I'm late to this thread so it may have already been said but isn't the IPC actually really good? What AMD do need is equal clocks.

People keep saying the R5 should be better but they've already said they are going to be 3.7ghz so how is that going to be faster than a R7 at 3.7ghz???
 
I'm late to this thread so it may have already been said but isn't the IPC actually really good? What AMD do need is equal clocks.

People keep saying the R5 should be better but they've already said they are going to be 3.7ghz so how is that going to be faster than a R7 at 3.7ghz???

IPC wise Ryzen is around 6-8% behind Kabylake. The issue is their process, 14nm LPP doesn't like very highclocks; it gets extremely hot when clocked up due to needing more voltage.
As a result R5 clocking higher is rather unlikely, but could happen due to less cores, and the 4Core having a single CCX vs 2. Other than that, clock for clock they should be near identical; with the R5 pulling ahead on some games because it'll have less latency due to not having two CCXs; and instead 1one.

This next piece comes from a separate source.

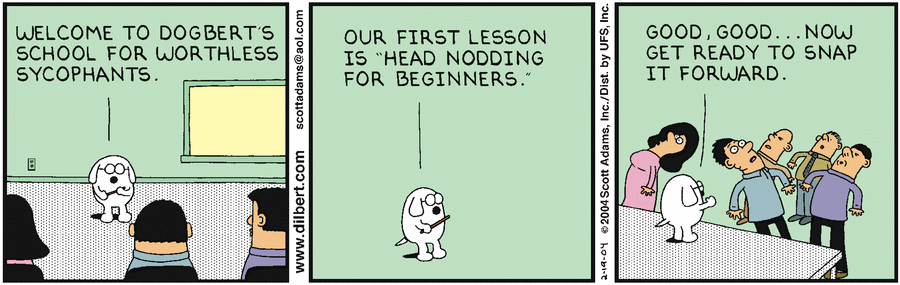 Dilbert Cartoon
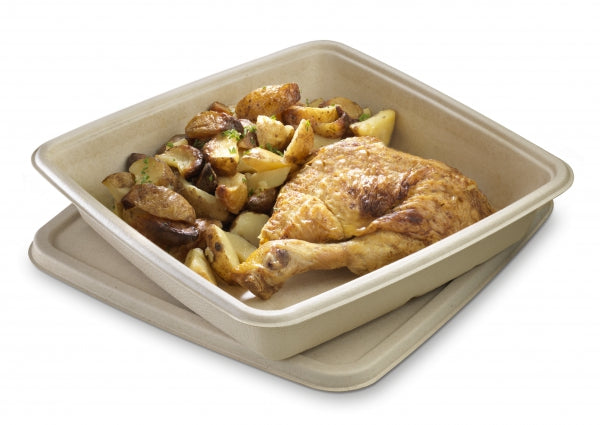 Emballage galette avec couvercle (300 unités)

Even so Ryzen does amazingly well in everything; with it's only pitfall being gaming performance at the moment.

Check out the Game Benchmarks video on the previous page, and the chaps other videos. Fantastic comparisons running raw footage with stats overlays.
 
I imagine performance will get better over time as more developers adopt DX12/Vulkan and learn to implement it properly. Right now it seems anything above four cores is wasted compute power.
 
BIOS on the MSI Tomahawk motherboard has an option to shut off cores. So in theory if R5 chips are R7 rejects then that can be tested already.
 
Even so Ryzen does amazingly well in everything; with it's only pitfall being gaming performance at the moment.

Check out the Game Benchmarks video on the previous page, and the chaps other videos. Fantastic comparisons running raw footage with stats overlays.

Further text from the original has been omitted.